Project

  • Joint Fine-Tuning in Deep Neural Networks for Facial Expression Recognition and Face Reconstruction (Duration: 4 Month)

Abstract: Facial expression recognition (FER) has been a common problem in the area of computer vision. This has applications in many different areas ranging from advertising, augmented reality, human computer interaction and human response analysis to name a few. This problem has similarities to the action recognition problem, however unlike the actions here problem are very subtle and fine-grained, hence a different approach has to be tried. Here we tried a different approaches of transfer learning using different loss functions, fine-tuning techniques for a generalized performance on expression, age and gender recognition. Another objective is to try the obtained deep embedding of the face for the task of image reconstruction/ inpainting.
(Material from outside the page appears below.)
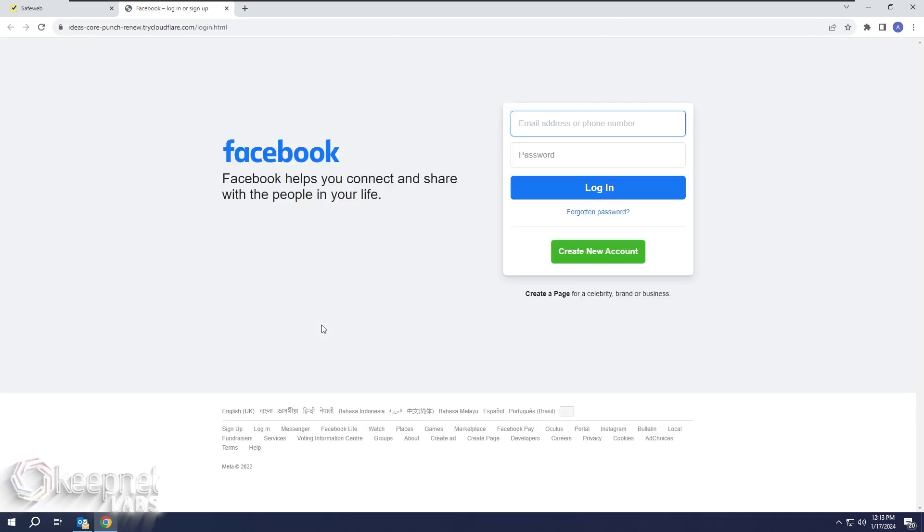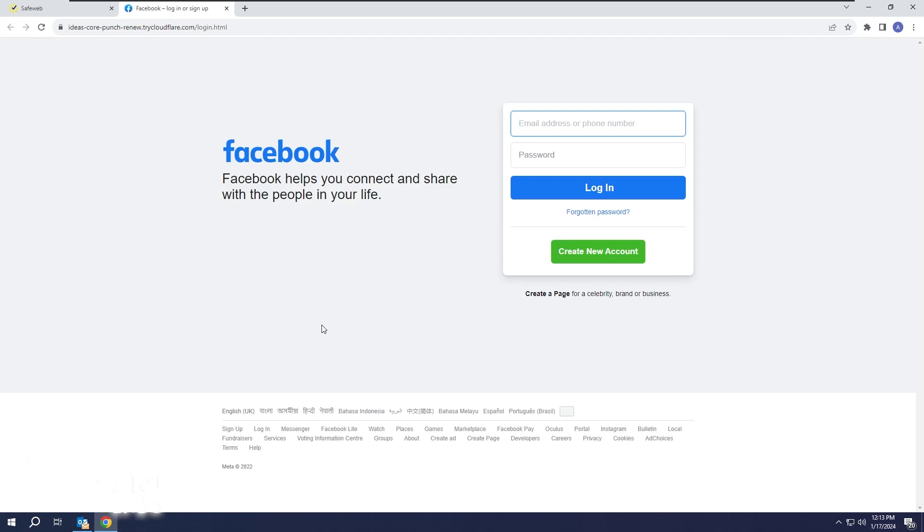As you can see, our login page has been prepared exactly the same as the official login page.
  • Spatial distance dependent Chinese restaurant processes for image segmentation (Duration: 4 Month)

Abstract: The distance dependent Chinese restaurant process(ddCRP) was recently introduced to accommodate random partitions of non-exchangeable data The ddCRP clusters data in a biased way: each data point is more likely to be clustered with other data that are near it in an external sense. This project examines the ddCRP in a spatial setting with the goal of natural image segmentation. Here we explore the biases of the spatial ddCRP model better suited for producing human-like segmentations.

  • Content Based Visual Question Answer (Duration: 4 Month)
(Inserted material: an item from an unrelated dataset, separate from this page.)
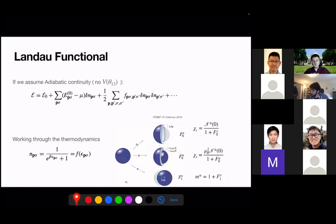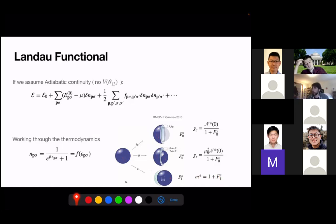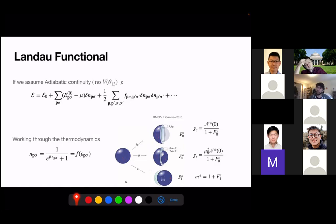The effective mass M* renormalization is special: it can be linked to a Ward identity via Galilean invariance, but only in a translation-invariant system. On a lattice, M* cannot be expressed in terms of F, but people still parametrize it with M*. In practice, the F functions are fit to experimental parameters and then used to predict other measurements — similar to what you do in normal renormalization. They can also be calculated in Hartree-Fock theory.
Abstract: Given an image and a natural language question about the image, the task is to provide an accurate natural language answer. Mirroring real-world scenarios, such as helping the visually impaired, both the questions and answers are content based. As a result, a system that succeeds at VQA typically needs a more detailed understanding of the image and complex reasoning than a system producing generic image captions. Here we concentrate only on the content based VQA we are not considering the any logical or reasoning question.

  • Pedestrian Detection using Aggregate Channel Feature(ACF) (Duration: 12 Month)
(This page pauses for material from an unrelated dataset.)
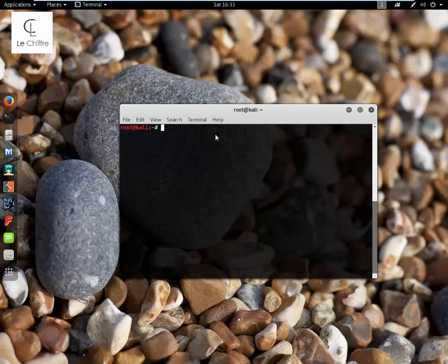Hello guys, so today we are going to be talking about the wget command, which stands for World Wide Web and Get. Wget is for retrieving files using HTTP, HTTPS, and FTP, the most widely used internet protocols. It is a non-interactive command line tool. So let's begin.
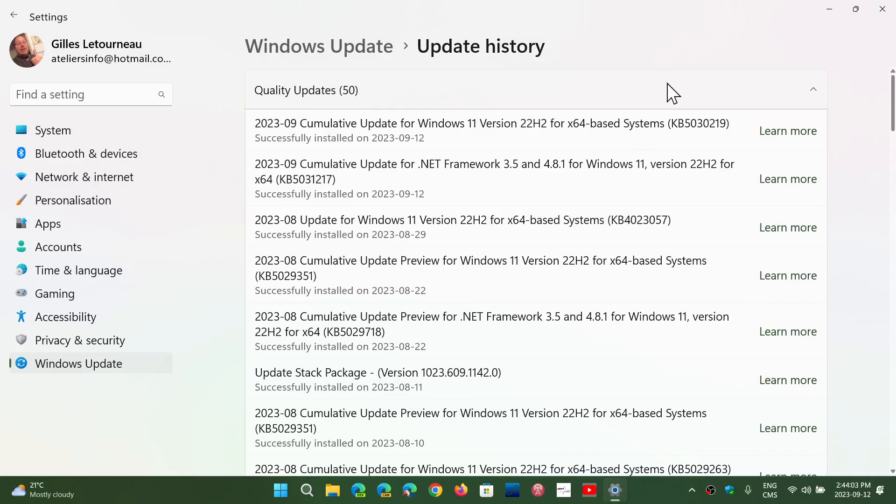If you are on Windows 11 21H2, we said it before, you are getting end of support next month. It's extremely important to know. This is the first official version of Windows 11 that was released, and it's going to be retired next month.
Abstract: Pedestrian detection is a key problem in computer vision, with several applications that have the potential to positively impact the quality of life. In recent years, the number of approaches to detecting pedestrians in monocular images and video has grown steadily. Aggregate Channel Feature(ACF) with the Ada-boosting is one of the most popular technique to detect the pedestrian with high accuracy. The Reference can be find here.

  • Gesture based Robot Motion (Duration: 12 Month)

Abstract: Vision based Human Computer Interaction(HCI) was always a challenging task for the researcher. In this project, I am developing a mechanism to control the robot based on the given Gesture. The objective of the project is Segment the hand Gesture from the Complex Image and Classify the segmented hand gesture to one of the five predefined class(Left move, Right move, Forward move, Backward move and stop). Then after sending the Classification result to the Robot via a wireless media, Robot receives the signal and perform move according to received signal.